Statement of Vice Chairman Kevin Brady
Manufacturing in the USA: Training America’s Workforce
Washington, DC – I am pleased that Chairman Casey convened this hearing on job training and manufacturing.
Manufacturing in the United States has changed dramatically over the last 60 years. Low-tech, labor-intensive goods such as apparel, shoes, sporting goods, and toys that were once made in America are now imported, while U.S. manufacturers export high-tech, capital-intensive goods to the rest of the world.
Computer-driven machinery has replaced routine labor in manufacturing. This has boosted productivity growth, averaging 2.9 percent a year. What took 1,000 workers to manufacture in 1950 now takes only 184 workers. Consequently, manufacturing jobs as a share of total non-farm jobs have declined from 30.6 percent in 1950 to 8.9 percent in 2010.
Six decades ago, a high school dropout with no special skills could get a job on an assembly line, work hard, and over time enter the middle class. Today, a job in manufacturing demands special skills and may even require a college degree.
The changing nature of manufacturing demonstrates the importance of job training for the success of both America’s manufacturers and their workers. Congress enacted the Workforce Investment Act in 1998 to consolidate the federal government’s fragmented job training system into a coherent one-stop system that could serve the needs of employers and workers.
However, the Government Accountability Office (GAO) found continuing fragmentation, overlap, and potential duplication in job training programs run by multiple federal agencies. For fiscal year 2009, the GAO found 47 federally funded job training programs administered across nine agencies. Almost all of those programs overlap with other programs in the provision of similar services but with differences in eligibility, objectives, and service delivery.

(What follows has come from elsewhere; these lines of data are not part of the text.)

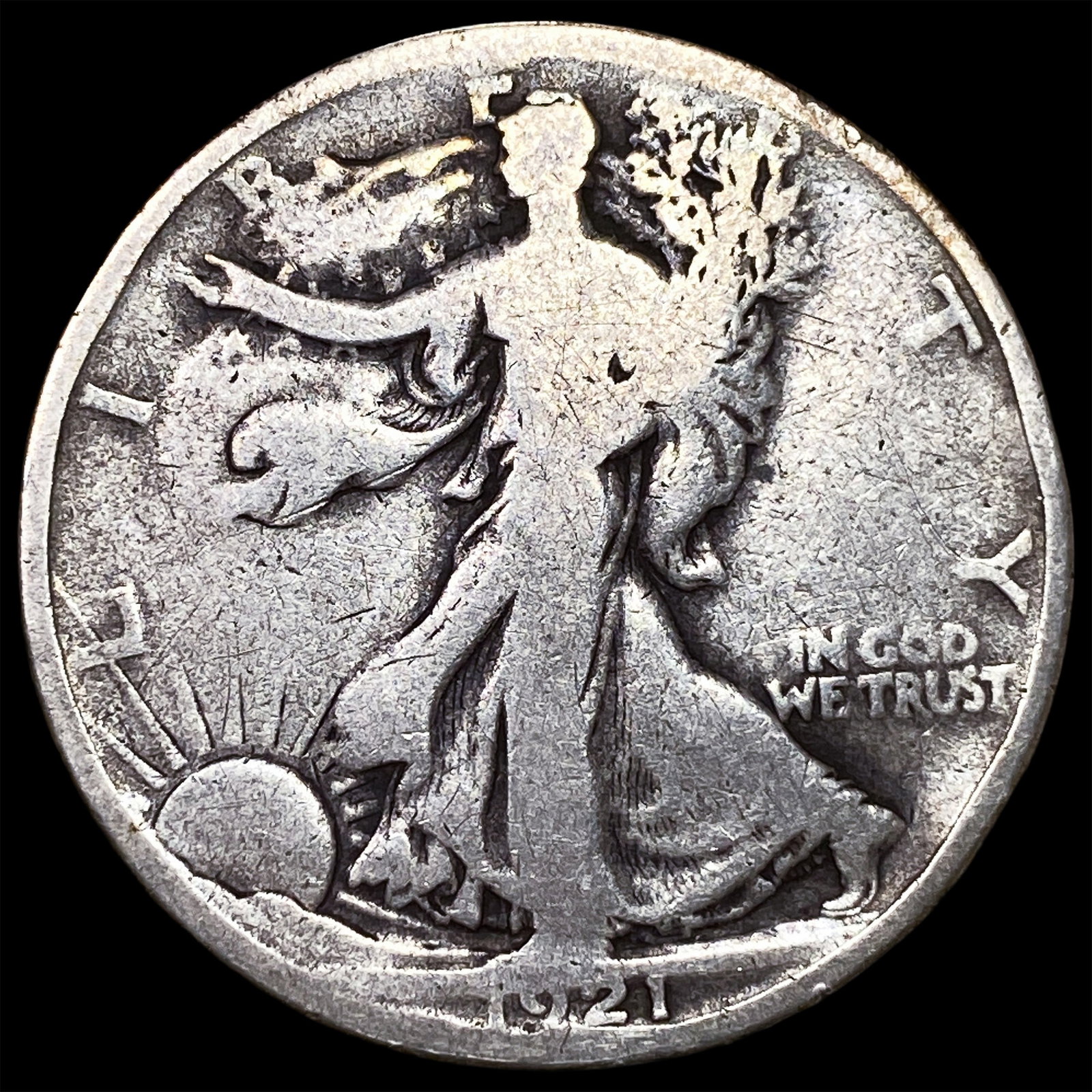 1921 Silver Walking Liberty Half Dollar NICELY CIRCULATED: 1921 Silver Walking Liberty Half Dollar NICELY CIRCULATED
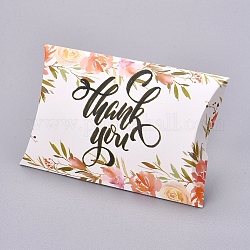 Scatole di cuscini di carta, confezione regalo di caramelle regalo, motivo floreale e parola grazie, bianco, scatola: 12.5x7.6x1.9 cm, spiegare: 14.5x7.9x0.1 cm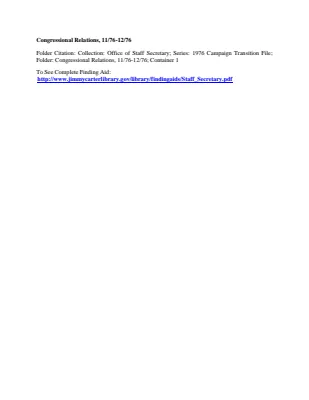Congressional Relations, 11/76-12/76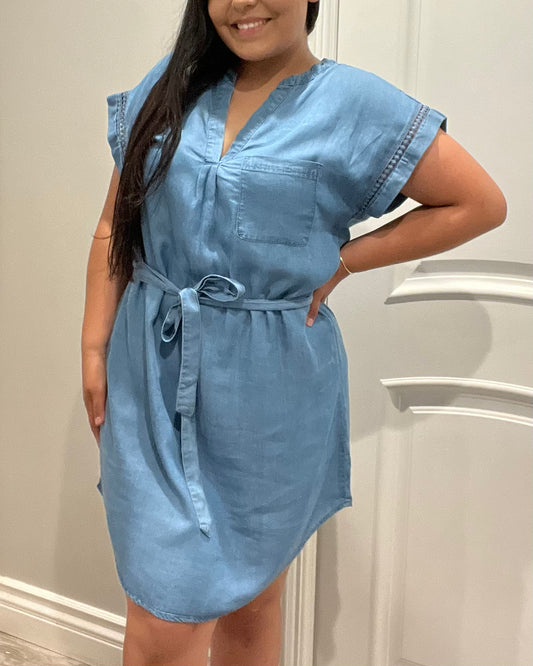 JOELLE DRESS - MEDIUM-WASH (PLUS)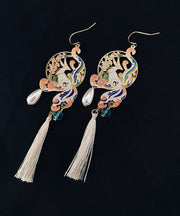 Loose White Copper Fox Tassel Hoop Earrings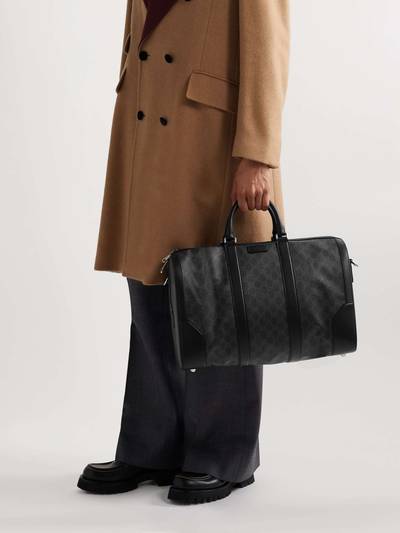 GUCCI Leather-Trimmed Monogrammed Coated-Canvas Holdall outlook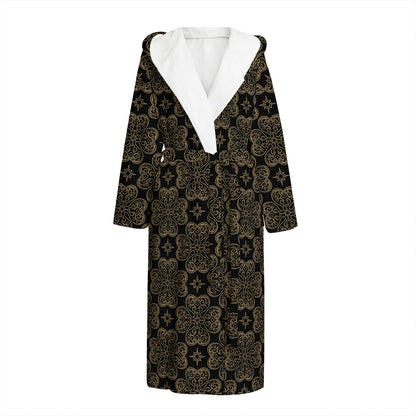 Gold Clover St. Patrick's Day Print Hooded Bathrobe
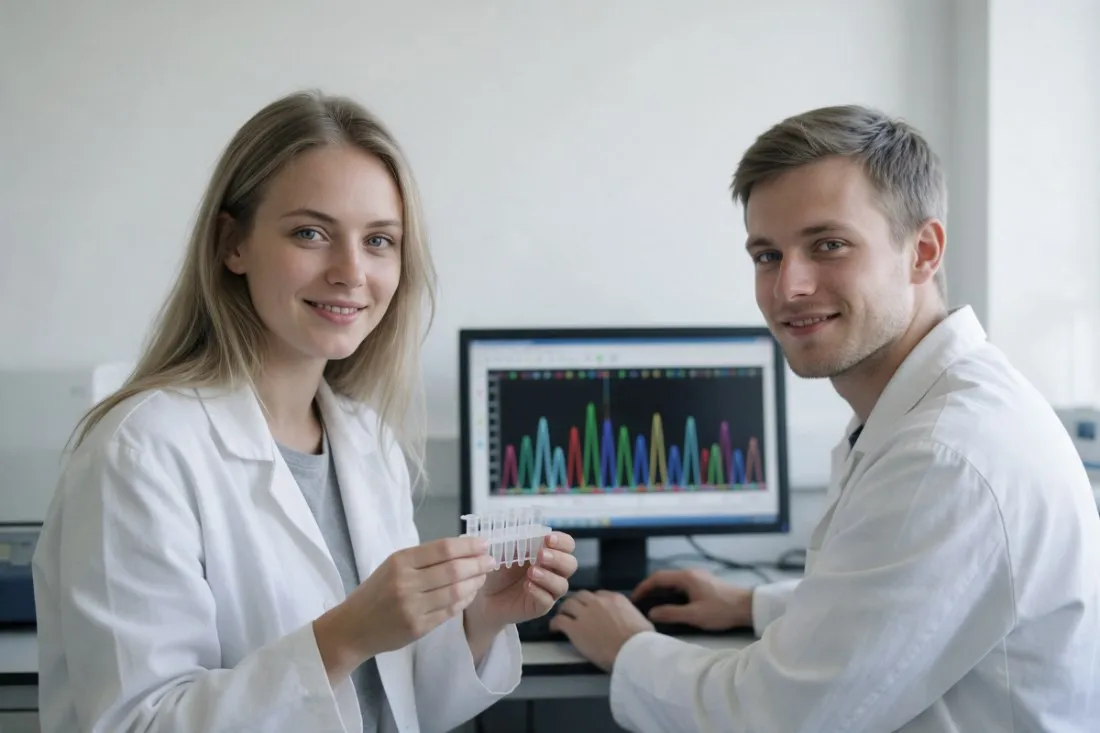 studenci-w-laboratorium-diagnostycznym-z-probkami-i-wynikami-dna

In addition to costly duplication, federal job training programs do not necessarily serve their purpose well either for those seeking jobs or workers seeking retraining. Job training programs that work best are employer-driven, not bureaucracy-driven. Manufacturers know what skills employees need to succeed better than bureaucrats.
The Senate will soon be reconsidering the Workforce Investment Act. Congress has an opportunity to consolidate and reform existing federal job training programs and to improve their value for U.S. taxpayers. I urge Republicans and Democrats in both Houses of Congress to seize this opportunity.
However, the best job training programs are meaningless if there are no jobs available for their graduates. The Employment Situation Report for June, which was released last Friday, confirms that the economic policies of President Obama and Congressional Democrats are failing to revive our moribund economy and create jobs – manufacturing or otherwise.
By the Obama Administration’s own standards, its stimulus plan has failed to create jobs. According to the June report, the United States still has 6.5 million fewer payroll jobs than promised. And June’s unemployment rate of 9.2 percent is far above the promised 6.7 percent.
History demonstrates that business investment in new buildings, equipment, and software, not federal spending, drives the creation of new payroll jobs. U.S. businesses are sitting on nearly $2 trillion that they could invest here at home to create jobs for American workers, but they are refusing to do so.
Why does American capital seem to be “on strike”? The answer is that the Administration’s economic policies keep businesses guessing what onerous burdens await them. As several Texas businessmen have told me, “Predicting market conditions is what we do for a living, but predicting what the President and Congress may do—forget it!”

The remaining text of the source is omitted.